上記粗乾燥工程におけるシリカ系前駆体の安定性の観点では、テトラメトキシシラン及びテトラエトキシシラン並びにそれらのオリゴマーが好ましく、テトラエトキシシランがさらに好ましい。
ただし、テトラアルコキシシラン類は経時的に加水分解及び部分縮合を生じやすいため、テトラアルコキシシラン類のみを用意した場合でも、通常はそのテトラアルコキシシラン類の加水分解物及び部分縮合物がテトラアルコキシシラン類と共存することが多い。

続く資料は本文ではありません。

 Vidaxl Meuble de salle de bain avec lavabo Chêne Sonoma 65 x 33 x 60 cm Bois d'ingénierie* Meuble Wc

なお、テトラアルコキシシラン類群に属する化合物は、1種を単独で用いてもよく、2種以上を任意の組み合わせ及び比率で併用してもよい。
[他のアルコキシシラン類群]
他のアルコキシシラン類は、上述したテトラアルコキシシラン類に属さないアルコキシシランであれば、任意のものを使用できる。好適なものの例を挙げると、トリメトキシシラン、トリエトキシシラン、メチルトリメトキシシラン、メチルトリエトキシシラン、フェニルトリメトキシシラン、フェニルトリエトキシシラン等のトリアルコキシシラン類;ジメチルジメトキシシラン、ジメチルジエトキシシラン、ジフェニルジメトキシシラン、ジフェニルジエトキシシラン等のジアルコキシシラン類;ビス(トリメトキシシリル)メタン、ビス(トリエトキシシリル)メタン、1,2−ビス(トリメトキシシリル)エタン、1,2−ビス(トリエトキシシリル)エタン、1,4−ビス(トリメトキシシリル)ベンゼン、1,4−ビス(トリエトキシシリル)ベンゼン、1,3,5−トリス(トリメトキシシリル)ベンゼン等の有機残基が2つ以上のトリアルコキシシリル基を結合したもの;3−アミノプロピルトリメトキシシラン、3−アミノプロピルトリエトキシシラン、3−グリシジルオキシプロピルトリメトキシシラン、3−グリシジルオキシプロピルトリエトキシシラン、3−メルカプトプロピルトリメトキシシラン、3−アクリロイロキシプロピルトリメトキシシラン、3−カルボキシプロピルトリメトキシシラン等のケイ素原子に置換するアルキル基が反応性官能基を有するもの;などが挙げられる。また、他のアルコキシシラン類群の例としては、前記の他のアルコキシシラン類の加水分解物及び部分縮合物(オリゴマー等)なども挙げられる。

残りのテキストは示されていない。